-- Given entries --
==============================

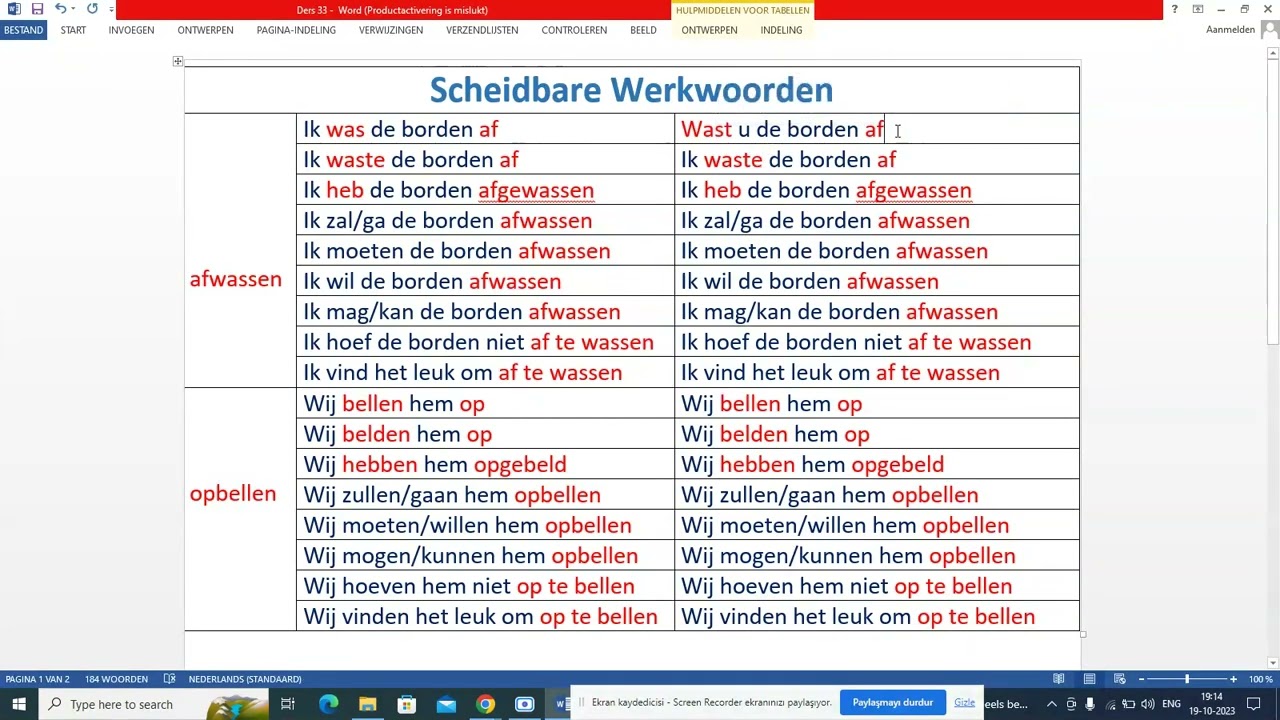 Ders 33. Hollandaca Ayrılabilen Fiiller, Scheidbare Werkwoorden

==============================

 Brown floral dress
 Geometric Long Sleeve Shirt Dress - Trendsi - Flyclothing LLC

==============================

-- Exercise aim --
Copy the lines of the data above exactly as written, beginning with the line containing "Brown floral dress" and ending with the line containing "Geometric Long Sleeve", and leave out all other lines.

-- Solution to this task --
 Brown floral dress
 Geometric Long Sleeve Shirt Dress - Trendsi - Flyclothing LLC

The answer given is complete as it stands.